WHAT YOU SHOULD DO — Skip the pictures. Transcribe the rest of the data below without changing a word.

EXERCISE DATA —
*** Block opens ***

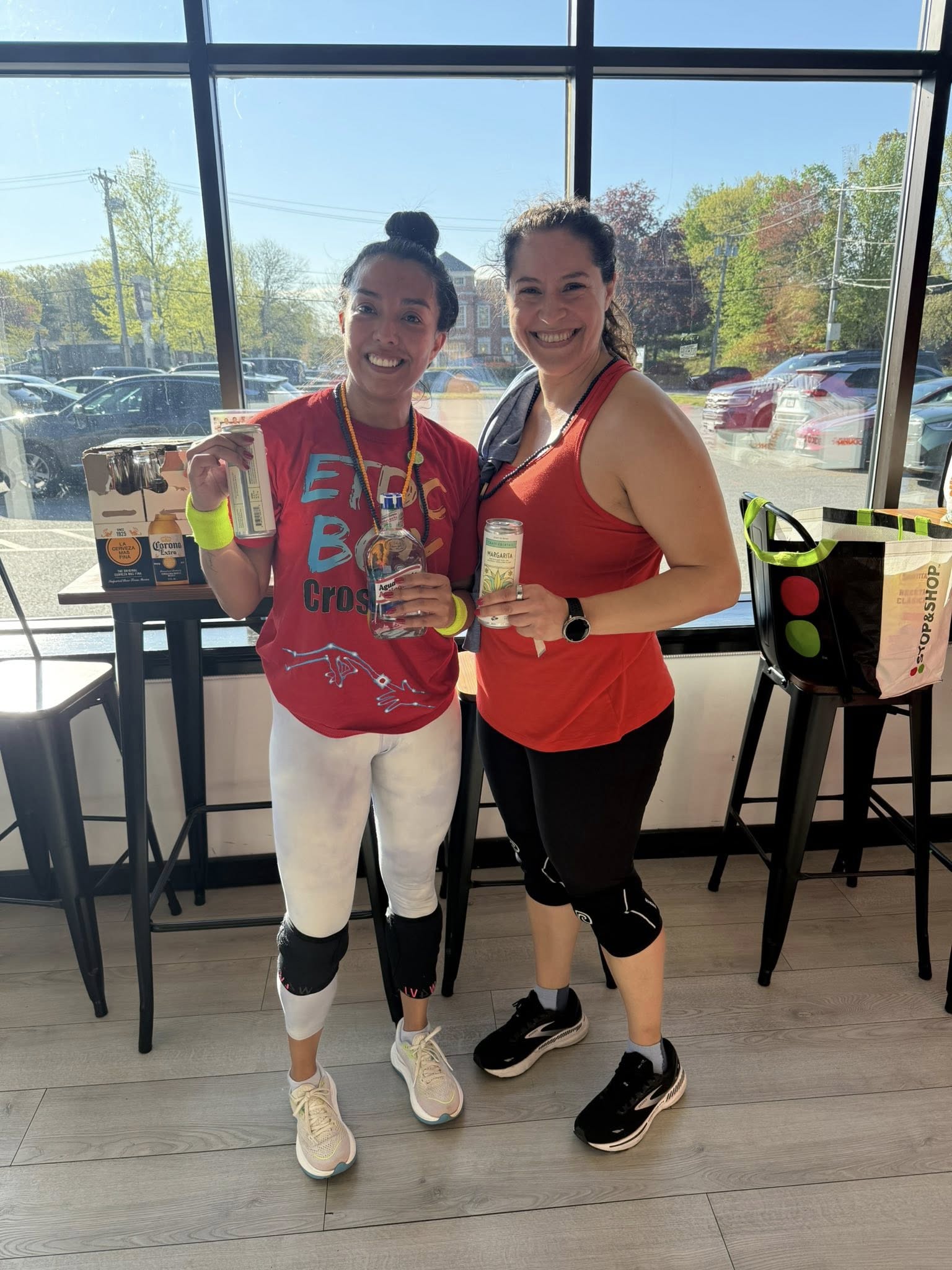 Melina Zamudio with her friend and training partner Carla Lopez at the 7:00 AM Ocho de Mayo celebration at Prototype Training Systems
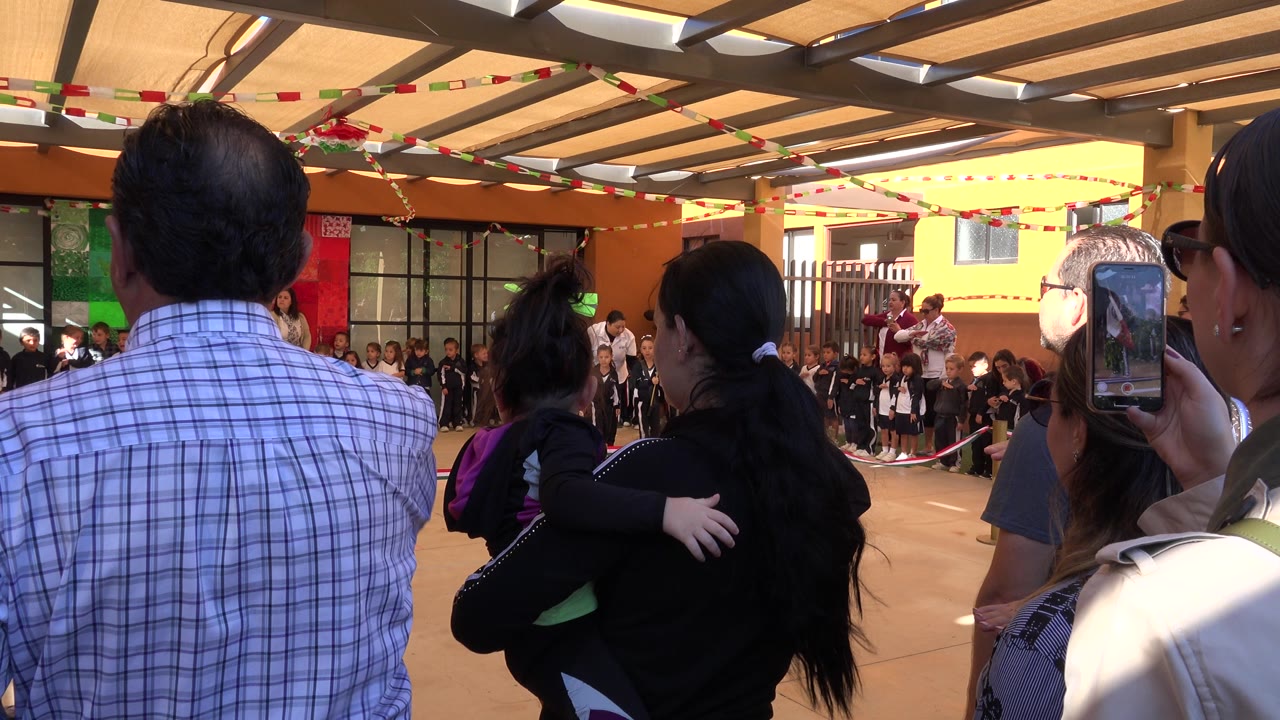 Adults watching children lined up in a courtyard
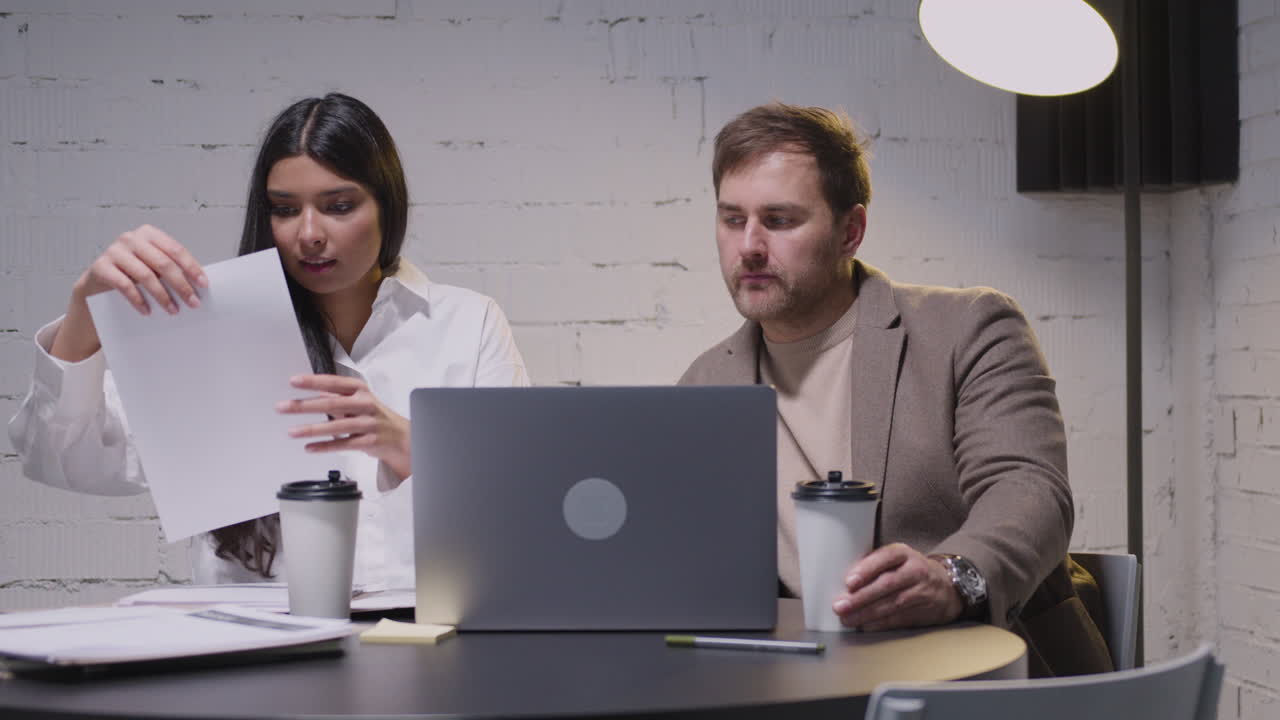 Man And Woman Having A Business Meeting Sitting At Desk In Boardroom 1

*** Block closes ***

RESULT —
 Melina Zamudio with her friend and training partner Carla Lopez at the 7:00 AM Ocho de Mayo celebration at Prototype Training Systems
 Adults watching children lined up in a courtyard
 Man And Woman Having A Business Meeting Sitting At Desk In Boardroom 1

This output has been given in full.